La CSMF appelle aussi de ses vœux une simplification en commençant par l’allégement des tâches administratives et le déploiement d’outils de partage d’information. Sans surprise, la liberté d’installation devra être sanctuarisée.

Mixité des statuts et des lieux d’exercice

Mais c’est sur la place et le rôle du médecin libéral à l’échelle des territoires que la CSMF innove. Devenu chef d’entreprise dans le projet confédéral, le médecin de ville devra avoir les moyens de diriger de « véritables établissements de soins libéraux ».
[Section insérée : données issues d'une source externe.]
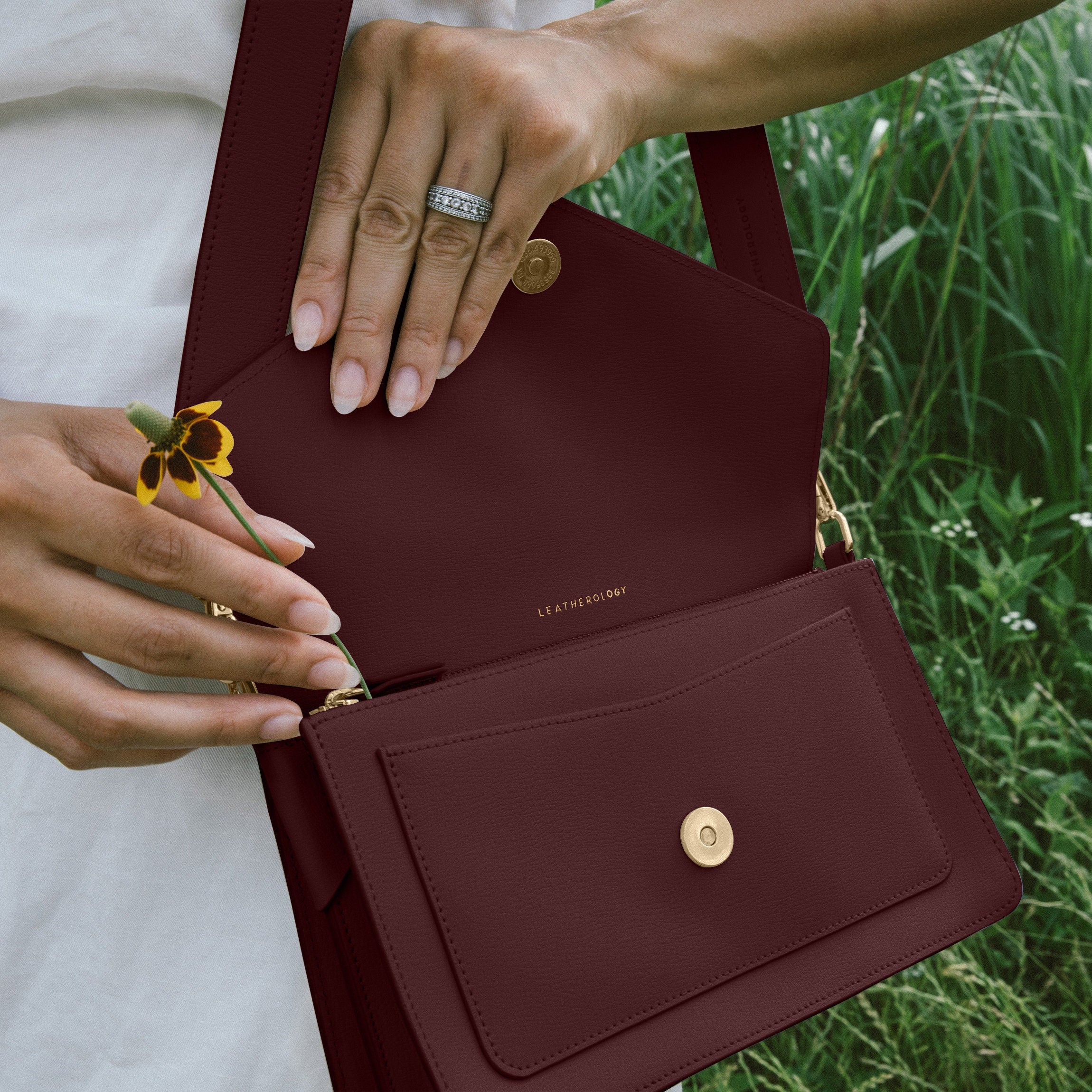 Medium Willow Envelope Bag in Oxblood - Stylish Crossbody Purse for Women, Perfect for Work, Date Night & Everyday Use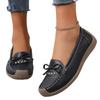 Orthopädische Loafer Schuhe Für Damen Orthopädische Leder Loafer Business Schuhe Für Damen Leichte Flats Lässiger Komfort - Gehschuhe Mit Blume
Selon le territoire, une contractualisation serait possible (base nationale ou contrats types) avec les collectivités ou les agences régionales de santé (ARS). « Ce genre de contrat serait compatible avec un paiement à l’acte, précise le Dr Ortiz. En revanche, dès que la mission serait collective, transversale, on serait sur du forfait. »

Les regroupements de structures seront favorisés grâce aux outils numériques. La mixité des modes d’exercice et des statuts (salarié/libéral) devra être soutenue ainsi que l’exercice multisite (structures libérales et établissements publics). Gage de la réussite du virage ambulatoire, les praticiens devront s’approprier l’innovation et les technologies – e-santé, télémédecine, aide à la décision en ligne – mais ce virage numérique supposera un soutien financier des pouvoirs publics.

Nouveau contrat social

La convention nationale reste d’actualité « mais pas à n’importe quelle condition ». Elle devra mettre praticiens et Assurance-maladie sur un pied d’égalité, porter des règles claires (sans cliver), tarifer les actes de même façon quel que soit le secteur d’exercice, et « porter les germes de l’exercice de demain ». Ce new deal abroge bien sûr le tiers payant généralisé et maintient un espace nécessaire de liberté tarifaire pour tous les médecins, solvabilisé soit par les complémentaires, soit par le patient. « L’Assurance-maladie ne peut plus tout assumer, elle se recentre sur le gros risque, et les citoyens doivent être responsabilisés, ajoute le président de la CSMF. En revanche, nous n’accepterons jamais les réseaux de soins mutualistes. »

La CSMF adressera ce projet à l’ensemble des candidats et publiera in extenso leurs réponses et commentaires. Mais la Conf’ ne donnera aucune consigne de vote.